My brother called me. “Did that just happen?” he said. I said I thought so. He said he’d been watching with his kids, and his eight-year-old daughter asked him why he was crying. “Because the Blackhawks won,” he told her. She said, “Don’t they do that sometimes?” and he had to explain that no, actually, against this particular team, they do not do that. They do the other thing. They have always done the other thing. She asked him what the other thing was and he said “lose” and she said “oh” and went back to her iPad. Which is honestly the correct response. I wish I had an iPad.
Here’s what gets me. The kid — Bedard — he’s twenty years old and he’s wearing an ‘A’ on his jersey now because they traded away everyone who used to wear letters. Foligno, Murphy, Dickinson — gone. The leadership of this team is now a kid who was in middle school during the last Stanley Cup parade and a bunch of guys whose names I have to look up on my phone. And somehow this is the group that broke the streak. Not the 2020 team, not the 2022 team, not any of the teams that were supposedly better and definitely more expensive. This team. These kids. I don’t understand sports and I have been watching them for forty-seven years.

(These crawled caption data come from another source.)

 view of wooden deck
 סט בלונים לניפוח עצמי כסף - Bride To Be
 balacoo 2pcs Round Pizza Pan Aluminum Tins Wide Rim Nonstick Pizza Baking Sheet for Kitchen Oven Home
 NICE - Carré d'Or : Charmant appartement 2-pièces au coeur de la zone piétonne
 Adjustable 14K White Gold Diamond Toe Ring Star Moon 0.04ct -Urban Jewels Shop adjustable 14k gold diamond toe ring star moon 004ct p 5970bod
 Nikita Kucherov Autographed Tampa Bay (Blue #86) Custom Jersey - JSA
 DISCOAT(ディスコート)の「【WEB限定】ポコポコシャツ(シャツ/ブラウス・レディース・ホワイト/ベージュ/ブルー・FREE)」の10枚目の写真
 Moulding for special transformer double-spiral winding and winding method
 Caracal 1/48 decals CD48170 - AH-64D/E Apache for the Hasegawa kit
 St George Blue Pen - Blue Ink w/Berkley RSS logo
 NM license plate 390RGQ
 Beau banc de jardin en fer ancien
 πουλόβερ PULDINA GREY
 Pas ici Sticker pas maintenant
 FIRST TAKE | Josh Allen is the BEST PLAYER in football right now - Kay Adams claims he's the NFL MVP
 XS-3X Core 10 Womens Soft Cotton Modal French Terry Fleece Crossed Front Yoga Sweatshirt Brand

The broadcast said Bedard has 65 points in 55 games this season, which puts him on pace to blow past last year’s total by a wide margin. Good for him. Terrific. I’m glad the rebuild is working. But I need everyone to understand that I did not care about any of that on Wednesday night. I cared about one thing: that for the first time since the Obama administration was still a recent memory, a hockey game against Minnesota ended with the correct number on the correct side of the scoreboard. That’s it. That’s the whole thing. Call it small. Call it petty. I don’t care. I have earned this.
My wife asked me this morning if I was going to write about it. I said I didn’t know if I had anything to say. She said, “You’ve been talking about it for fourteen hours.” Fair point. So here it is: the Blackhawks beat the Wild. The streak is over. I’m going to go home, pour two fingers of Malört anyway, and call my brother to not complain. It’ll be the strangest phone call of my life.
They play Minnesota again in April. I’m already nervous.